TASK STATEMENT. The answer must be an exact copy of every entry.

'''

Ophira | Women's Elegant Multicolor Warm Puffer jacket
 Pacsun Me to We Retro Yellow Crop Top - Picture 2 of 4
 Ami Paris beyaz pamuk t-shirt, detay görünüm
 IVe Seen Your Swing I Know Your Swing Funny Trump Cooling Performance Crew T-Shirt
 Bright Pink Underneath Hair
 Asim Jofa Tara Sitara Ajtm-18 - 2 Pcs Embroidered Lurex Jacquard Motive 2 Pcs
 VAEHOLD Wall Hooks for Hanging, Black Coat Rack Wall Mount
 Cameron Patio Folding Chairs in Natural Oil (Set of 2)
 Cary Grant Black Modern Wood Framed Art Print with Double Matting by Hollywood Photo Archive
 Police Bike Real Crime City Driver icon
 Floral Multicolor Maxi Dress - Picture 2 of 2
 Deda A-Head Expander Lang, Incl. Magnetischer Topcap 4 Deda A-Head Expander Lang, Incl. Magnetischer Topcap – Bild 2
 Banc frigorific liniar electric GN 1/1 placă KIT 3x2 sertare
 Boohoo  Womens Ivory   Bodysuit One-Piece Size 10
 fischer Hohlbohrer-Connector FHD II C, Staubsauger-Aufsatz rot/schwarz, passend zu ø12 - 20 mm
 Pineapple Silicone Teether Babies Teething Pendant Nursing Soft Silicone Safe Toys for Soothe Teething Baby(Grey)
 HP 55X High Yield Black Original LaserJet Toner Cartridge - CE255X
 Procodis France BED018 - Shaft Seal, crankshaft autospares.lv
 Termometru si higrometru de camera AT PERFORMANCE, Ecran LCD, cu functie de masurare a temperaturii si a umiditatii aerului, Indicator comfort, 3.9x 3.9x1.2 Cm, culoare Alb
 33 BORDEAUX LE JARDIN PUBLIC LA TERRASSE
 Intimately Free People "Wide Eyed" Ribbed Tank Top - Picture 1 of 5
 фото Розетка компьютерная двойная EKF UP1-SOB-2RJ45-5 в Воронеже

'''

RESPONSE AREA.
Ophira | Women's Elegant Multicolor Warm Puffer jacket
 Pacsun Me to We Retro Yellow Crop Top - Picture 2 of 4
 Ami Paris beyaz pamuk t-shirt, detay görünüm
 IVe Seen Your Swing I Know Your Swing Funny Trump Cooling Performance Crew T-Shirt
 Bright Pink Underneath Hair
 Asim Jofa Tara Sitara Ajtm-18 - 2 Pcs Embroidered Lurex Jacquard Motive 2 Pcs
 VAEHOLD Wall Hooks for Hanging, Black Coat Rack Wall Mount
 Cameron Patio Folding Chairs in Natural Oil (Set of 2)
 Cary Grant Black Modern Wood Framed Art Print with Double Matting by Hollywood Photo Archive
 Police Bike Real Crime City Driver icon
 Floral Multicolor Maxi Dress - Picture 2 of 2
 Deda A-Head Expander Lang, Incl. Magnetischer Topcap 4 Deda A-Head Expander Lang, Incl. Magnetischer Topcap – Bild 2
 Banc frigorific liniar electric GN 1/1 placă KIT 3x2 sertare
 Boohoo  Womens Ivory   Bodysuit One-Piece Size 10
 fischer Hohlbohrer-Connector FHD II C, Staubsauger-Aufsatz rot/schwarz, passend zu ø12 - 20 mm
 Pineapple Silicone Teether Babies Teething Pendant Nursing Soft Silicone Safe Toys for Soothe Teething Baby(Grey)
 HP 55X High Yield Black Original LaserJet Toner Cartridge - CE255X
 Procodis France BED018 - Shaft Seal, crankshaft autospares.lv
 Termometru si higrometru de camera AT PERFORMANCE, Ecran LCD, cu functie de masurare a temperaturii si a umiditatii aerului, Indicator comfort, 3.9x 3.9x1.2 Cm, culoare Alb
 33 BORDEAUX LE JARDIN PUBLIC LA TERRASSE
 Intimately Free People "Wide Eyed" Ribbed Tank Top - Picture 1 of 5
 фото Розетка компьютерная двойная EKF UP1-SOB-2RJ45-5 в Воронеже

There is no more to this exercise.